Saturday, August 15, 2009

Song Lyric of the Day (Cole Porter’s “Under My Skin,” As Sung by “Queen” Dinah Washington)


" ‘Don't you know you fool, you never can win!
Use your mentality, wake up to reality.’
But each time I do, just the thought of you
Makes me stop before I begin
'Cause I’ve got you under my skin.”—Cole Porter, “I’ve Got You Under My Skin,” composed for the 1936 film Born to Dance

How many covers of the Cole Porter standard exist, anyway? Frank Sinatra’s swinging 1956 hit put the song on the map, though it had been introduced by Virginia Bruce two decades before in Born to Dance. Since then, the likes of Frankie Valli and the Four Seasons, Katherine McPhee, Diana Krall, and Jamie Cullum, to name just a few, have taken a crack at it.

But for my money, when I’m looking for a version that lays down its own marker for distinction from the first note; that features jazz musicians in the best kind of “can-you-top-this?” contest; that fills you with the sheer joy of being alive—the one to go with is Dinah Washington’s, recorded on this date in 1954 in a series of live sessions, then released as Dinah Jams.

What a handful she was! They called her “The Queen”—as much a testament to her tempestuous temperament as to her brilliance in front of a microphone. She achieved her greatest success as a pop singer, recording “What a Diff’rence a Day Made,” but in her relatively short life she’d tried it all: gospel (where she started), R&B, pop ballads, jazz—almost as many styles as she had husbands (at least seven, before she died at 39 in 1963).

Fans of “The Queen” are much taken by other songs on Dinah Jams, such as “Lover Come Back to Me” and “There Is No Greater Love.” But I’m a partisan of her inspired, full-throated take on the Porter classic, recorded two years before Ol’ Blue Eyes scaled the mountain.

Right away, drummer Max Roach’s rhumba beat clues you in that you’re in entirely different territory here. Just as quickly, Queen Dinah jumps into the fray, not just keeping pace with the persistent beat but passing it, barely able to control the emotions inside her—and loving every minute of it.

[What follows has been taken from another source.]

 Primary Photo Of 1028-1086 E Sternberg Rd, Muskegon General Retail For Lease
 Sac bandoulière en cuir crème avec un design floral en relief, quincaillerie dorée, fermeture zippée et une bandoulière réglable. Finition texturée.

But about a third of the way through, the song assumes a near-stratospheric level of competition and skill. In turn, trumpeters Clark Terry, Maynard Ferguson, and Clifford Brown conduct a thrilling duel that in the end becomes a three-way standoff.

But you can’t ignore the singer who ignited them. In a 1976 profile, later collected in his collection Living With Jazz, critic Dan Morgenstern noted that she “functions as a horn among horns, trading improvisatory skills with some of the best players in the field.”

When the horn players cease, Dinah returns, concluding five and a half minutes of supercharged joy.